Work request
Reproduce each line of the entries that carries "Centre".

Material to process
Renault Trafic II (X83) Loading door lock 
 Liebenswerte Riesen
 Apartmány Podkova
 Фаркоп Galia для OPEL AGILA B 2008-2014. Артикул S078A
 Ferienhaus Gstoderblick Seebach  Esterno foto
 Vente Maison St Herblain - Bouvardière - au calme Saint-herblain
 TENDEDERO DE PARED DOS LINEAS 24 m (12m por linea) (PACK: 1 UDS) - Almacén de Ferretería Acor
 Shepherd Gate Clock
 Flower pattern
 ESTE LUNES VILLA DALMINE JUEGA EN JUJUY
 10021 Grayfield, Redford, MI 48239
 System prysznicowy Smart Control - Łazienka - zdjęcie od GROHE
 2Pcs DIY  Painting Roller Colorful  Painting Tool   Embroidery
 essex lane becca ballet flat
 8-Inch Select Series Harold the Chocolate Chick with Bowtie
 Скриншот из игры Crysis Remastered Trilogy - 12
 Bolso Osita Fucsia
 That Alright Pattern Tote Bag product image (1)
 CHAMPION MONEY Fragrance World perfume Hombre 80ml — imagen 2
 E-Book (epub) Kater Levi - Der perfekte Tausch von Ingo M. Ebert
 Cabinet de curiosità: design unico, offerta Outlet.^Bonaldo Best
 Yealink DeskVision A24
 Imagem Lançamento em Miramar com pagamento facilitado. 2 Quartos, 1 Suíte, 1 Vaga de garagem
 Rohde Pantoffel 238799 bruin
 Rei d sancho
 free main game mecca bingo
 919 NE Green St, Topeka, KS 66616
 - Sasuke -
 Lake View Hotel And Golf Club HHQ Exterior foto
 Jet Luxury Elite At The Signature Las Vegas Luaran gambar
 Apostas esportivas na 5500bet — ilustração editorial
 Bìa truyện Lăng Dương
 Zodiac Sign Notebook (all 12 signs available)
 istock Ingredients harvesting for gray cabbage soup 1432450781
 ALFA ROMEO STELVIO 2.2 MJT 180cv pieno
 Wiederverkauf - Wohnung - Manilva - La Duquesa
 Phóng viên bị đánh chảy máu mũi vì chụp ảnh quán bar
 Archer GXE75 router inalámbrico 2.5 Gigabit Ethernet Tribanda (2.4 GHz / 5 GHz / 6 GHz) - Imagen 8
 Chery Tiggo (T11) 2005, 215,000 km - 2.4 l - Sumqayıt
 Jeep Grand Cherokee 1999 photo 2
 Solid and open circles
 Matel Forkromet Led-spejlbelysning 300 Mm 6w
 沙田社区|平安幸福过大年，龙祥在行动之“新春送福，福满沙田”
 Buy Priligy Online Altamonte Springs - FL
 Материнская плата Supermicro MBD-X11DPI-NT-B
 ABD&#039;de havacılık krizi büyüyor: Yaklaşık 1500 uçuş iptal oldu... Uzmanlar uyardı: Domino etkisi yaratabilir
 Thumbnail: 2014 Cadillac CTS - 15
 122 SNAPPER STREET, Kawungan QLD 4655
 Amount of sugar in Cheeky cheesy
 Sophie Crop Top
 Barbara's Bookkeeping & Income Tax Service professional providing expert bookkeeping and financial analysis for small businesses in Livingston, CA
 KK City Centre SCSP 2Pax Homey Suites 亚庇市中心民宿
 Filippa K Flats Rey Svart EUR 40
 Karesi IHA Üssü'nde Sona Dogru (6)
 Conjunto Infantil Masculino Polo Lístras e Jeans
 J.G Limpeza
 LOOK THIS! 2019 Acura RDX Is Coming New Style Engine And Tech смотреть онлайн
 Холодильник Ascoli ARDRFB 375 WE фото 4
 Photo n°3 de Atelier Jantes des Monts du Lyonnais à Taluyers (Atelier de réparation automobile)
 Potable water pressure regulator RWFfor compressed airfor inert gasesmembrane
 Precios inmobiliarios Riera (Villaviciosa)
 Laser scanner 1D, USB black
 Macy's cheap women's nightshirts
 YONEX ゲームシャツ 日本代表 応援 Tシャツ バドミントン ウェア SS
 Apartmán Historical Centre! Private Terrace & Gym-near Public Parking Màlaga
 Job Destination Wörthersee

Result of this exercise
 KK City Centre SCSP 2Pax Homey Suites 亚庇市中心民宿
 Apartmán Historical Centre! Private Terrace & Gym-near Public Parking Màlaga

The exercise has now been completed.